AGS-000: 0 is the highest grade assigned on the AGS grading scale. Triple zero stands for 0 for polish, 0 for symmetry, and 0 for proportions.
Bezel Set: The gem is above the surface of the jewelry and a thin strip of metal is placed around the whole edge of the gemstone. Then it is folded over the gem to hold it in place.
Carat Weight: This measurement is equal to 1/142 of an ounce. It does not tell you how big the diamond will look. If a diamond is cut thick, it will have a smaller surface area than one that is cut shallow. A 1 ct. diamond with a 6.3 mm diameter will be about 15% less in value than the one that is 6.5 mm in diameter even if the color and clarity are the same.
Clarity: Clarity grades define the number and quality of inclusions in a diamond.
Color: Color refers to the body color in the diamond. This grade does not refer to the colored flashes in the diamond. The most common body color in diamonds is yellow. The second most common color is brown. Brown colors will sell for less than diamonds with a yellow body color.
Commercial Cut: A diamond with significant deviations from the Ideal proportions and lacking good symmetry and polish. Such a diamond will typically receive a grade of "good" or worse in symmetry and polish on a GIA certificate. A cutter producing this type of diamond is more concerned about achieving a low-priced diamond than making a beautiful one.
Culet: The point in the center on the bottom of the diamond.
Crown: The top part of the diamond.
Facet: The flat polished panels on the diamond. The Round Brilliant Cut has 57 facets and if the culet is bobbed, 58 facets.
Fancy Color Diamonds: These diamonds have deep enough color to be obvious to anyone looking at it. All of these diamonds are rare compared to white diamonds. Some of the most highly prized and most expensive colors are canary yellow, pink, and blue. Many other colors occur, but are not often seen due to scarcity.
Gemex Certificate: This certificate measures only the cutting quality. Other certificates (eg. GIA and AGS) measure the quality of the cut by identifying angles and proportions of the diamond. Gemex uses a brilliance scope to measure the amount of light return the diamond is capable of achieving.

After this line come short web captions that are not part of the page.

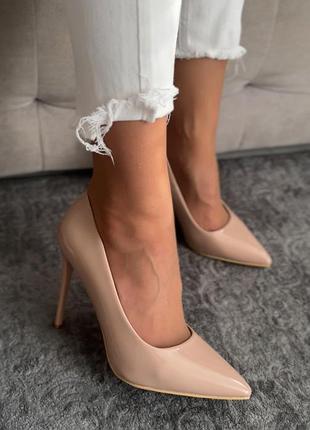 Бежеві лодочки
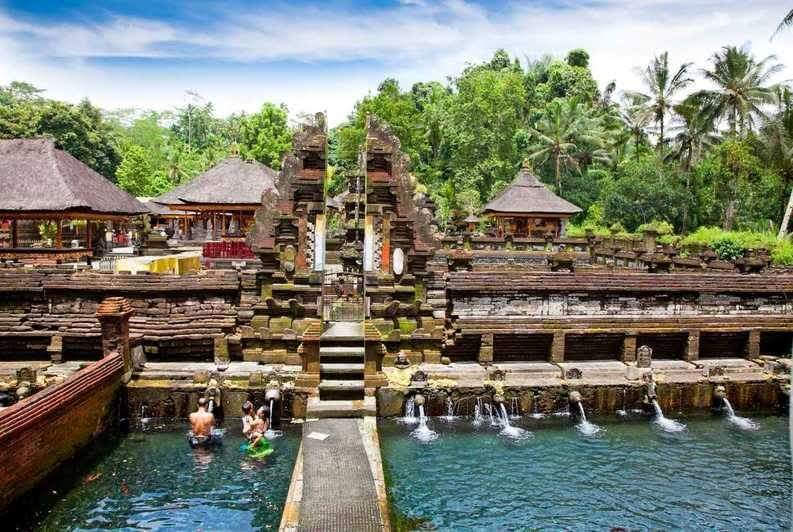 Храм Pura Tirta Empul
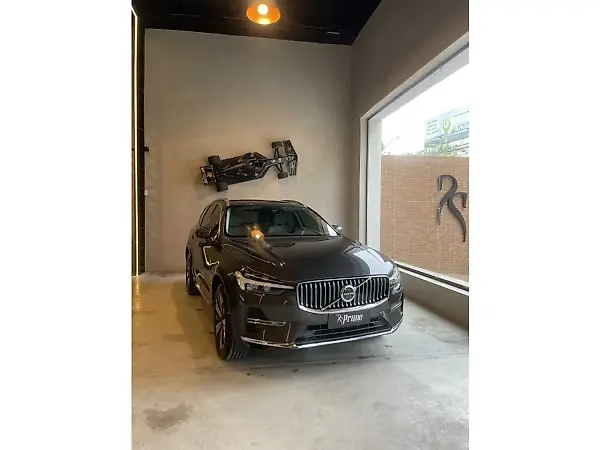 Volvo Xc60 Plug-in Hybrid - Imagem 1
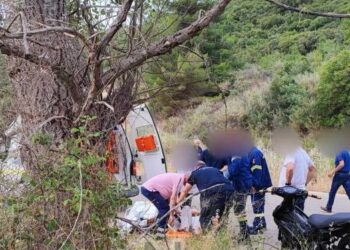 Θέρμο: Σοβαρό τροχαίο ατύχημα – Σε κρίσιμη κατάσταση γυναίκα οδηγός (ΦΩΤΟ)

Girdle: The outer edge of the diamond where the crown and pavilion meet.
Hearts and Arrows Cut: An Ideal Cut with higher quality standards not required of the Ideal class of diamonds. Symmetry and polish must be close to perfection. Many diamonds will achieve an excellent polish and excellent symmetry grade on a GIA certificate or a 000 grade on an AGS certificate. A crisp arrows design as viewed through the top of the diamonds is more difficult to achieve than the hearts design viewed through the back of the diamond. These diamonds are considered the ultimate in brilliance for the 58 faceted round brilliant cut diamond.
Ideal Cut: A diamond cut according to the parameters of the paper written by Marcel Tolkowsky in 1919. In this work, he used his experience in math, diamond cutting, and the physics of light to describe the properties that created the most beautiful 58 faceted Round Brilliant Cut diamond. These diamonds should achieve a minimum of very good polish and very good symmetry on a GIA certificate.
Inclusion (Internal Characteristic): any foreign body or internal characteristics found within a gemstone. Inclusions lower the clarity grade of a diamond.
Karat: This is a ratio that identifies how much gold is in a piece of jewelry. This is not the same as Carat.
14K = 14/24 or 58.3% gold
24K = 24/24 or 100% pure gold
18K = 18/24 or 75% gold
Pavilion: The bottom part of the diamond.
Point: A point is a weight measurement that is equal to 1/100 of a carat. A 23 point diamond is .23 ct.
Polish: The overall condition of the facet surfaces. The quality of the polish varies on different diamonds. The GIA certificate carries these grades for polish; poor, fair, good, very good, and excellent. Most GIA certified diamonds will grade "good" or "very good".
Premium Cut: A diamond with a Premium Cut will have some deviations from the Ideal Cut, often restricted to a table facet that is too large. Crown and pavilion angles must be within or very close to the standards for the Ideal Cut and the GIA certificate for a Premium Cut diamond must be VG in symmetry and polish or better.
Symmetry: The measure of how well centered the table and culet are and the shape and alignment of the other facets. The GIA certificate carries these grades for symmetry; poor, fair, good, very good, and excellent. Most GIA certified diamonds will grade "good" or "very good".
Table Facet: The largest facet on the top of the diamond.